Manifestants de la “révolution” orange
Aussi bien CANVAS que les différents mouvements dissidents ont bénéficié de l’aide de nombreuses organisations américaines d’ « exportation » de la démocratie comme l’United States Agency for International Development (USAID), la National Endowment for Democracy (NED), l’International Republican Institute (IRI), le National Democratic Institute for International Affairs (NDI), la Freedom House (FH), l’Albert Einstein Institution et l’Open Society Institute (OSI). Ces organismes sont financés par le budget américain ou par des capitaux privés américains. À titre d’exemple, la NED est financée par un budget voté par le Congrès et les fonds sont gérés par un conseil d’administration où sont représentés le Parti républicain, le Parti démocrate, la Chambre de commerce des États-Unis et le syndicat American Federation of Labor-Congress of Industrial Organization (AFL-CIO), alors que l’OSI fait partie de la Fondation Soros, du nom de son fondateur George Soros, le milliardaire américain, illustre spéculateur financier. Il est aussi intéressant de noter que le conseil d’administration de l’IRI est présidé par le sénateur John McCain, le candidat défait de la présidentielle américaine de 2008. L’implication de McCain dans les révolutions colorées est clairement établie dans l’excellent documentaire que la reporter française Manon Loizeau a consacré aux révolutions colorées [9]. On comprend alors aisément pourquoi le sénateur s’est récemment précipité à Kiev pour soutenir les émeutiers ukrainiens. On comprend aussi pourquoi la Russie a durci le ton concernant les ONG étrangères présentes sur son sol et la raison qui a motivé l’expulsion de l’USAID de son territoire [10].
La relation entre le mouvement ukrainien « Pora » et ces organisations américaines est explicitée par Ian Traynor dans un remarquable article publié par The Guardian en novembre 2004 [11].
« Officiellement, le gouvernement américain a dépensé, pendant une année, 41 millions de dollars pour l’organisation et le financement de l’opération qui a permis de se débarrasser de Miloševic […]. En Ukraine, le chiffre doit tourner autour de 14 millions de dollars », explique-t-il.
Ioulia Timochenko et Viktor Iouchtchenko sont considérés comme les figures de proue de la révolution orange. Soutenu par les Occidentaux, ce mouvement obtient l’annulation du second tour de l’élection présidentielle de 2004 initialement remporté par Viktor Ianoukovytch contre Viktor Iouchtchenko. Le « troisième » tour donne finalement la victoire à Iouchtchenko qui devient le 3e président de l’Ukraine à la grande joie des Américains et des Européens.

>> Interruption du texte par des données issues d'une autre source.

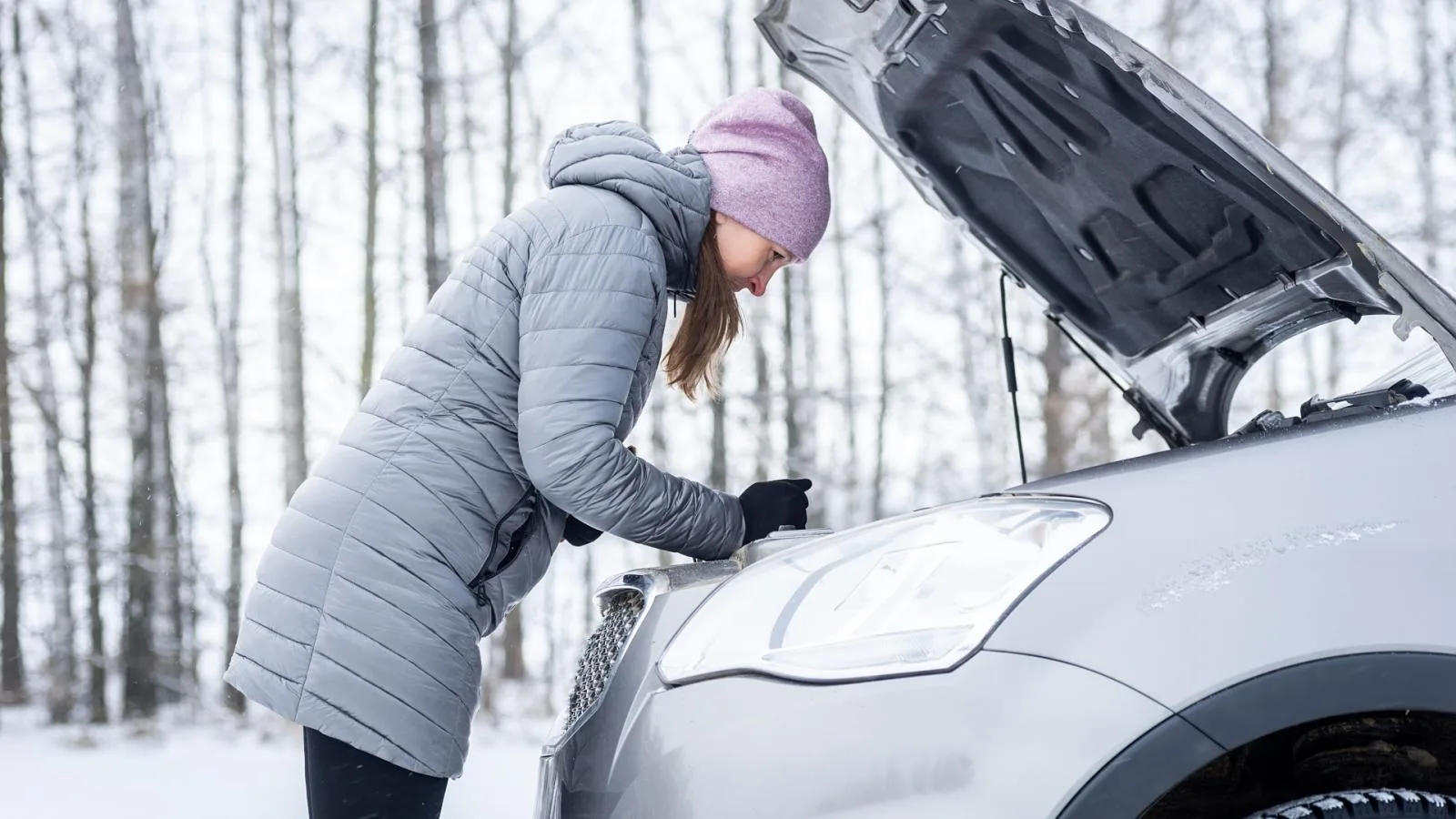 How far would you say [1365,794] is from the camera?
1.26 m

Fier de ses réussites « révolutionnaires » colorées, le belliqueux sénateur McCain a déclaré qu’il avait proposé au prix Nobel de la Paix les candidatures de Viktor Iouchtchenko et de son homologue géorgien pro-occidental Mikhail Saakashvili [12]. Il fit un voyage à Kiev en février 2005 [13] pour féliciter son « poulain » et peut-être aussi pour lui montrer qu’il avait quelque chose à voir avec son élection.
À peine nommé président, Iouchtchenko s’empressa de nommer Timochenko au poste de Premier ministre mais la « lune de miel » entre les compagnons de la révolution ne fit pas long feu. Bien qu’encensé par l’Occident, le couple Iouchtchenko-Timochenko s’avère boiteux et ses résultats sont très décevants.
Voici comment Justin Raimondo décrit le bilan de la magistrature Iouchtchenko (2005-2010): « Aujourd’hui, l’éclat orange de sa révolution étant révolu depuis longtemps, son régime s’est avéré être tout aussi incompétent et truffé de copinage comme ses prédécesseurs corrompus et vénaux, si ce n’est plus. Une grande partie de ” l’aide ” monétaire occidentale a disparu […]. Pire encore, l’économie a été paralysée par l’imposition de contrôles des prix et corrompu par un trafic d’influence éhonté. Sous l’accord de partage de pouvoir entre M. Iouchtchenko et la volatile Ioulia Timochenko, la « princesse du gaz » et oligarque amazone, le pays s’est désintégré, non seulement économiquement mais aussi socialement […]. La baisse radicale de l’économie et les scandales en cours qui sont devenus des événements quotidiens pendant l’administration de M. Iouchtchenko ont conduit à la marginalisation complète du vénéré orange révolutionnaire: au premier tour de l’élection présidentielle [2010], il a obtenu un humiliant 5 pour cent des voix. Hors de la course, et sans avoir besoin de faire semblant plus longtemps, M. Iouchtchenko a lancé une véritable bombe dans l’arène politique en honorant Stepan Bandera, le nationaliste ukrainien et collaborateur des nazis, comme un ” Héros de l’Ukraine “ » [14].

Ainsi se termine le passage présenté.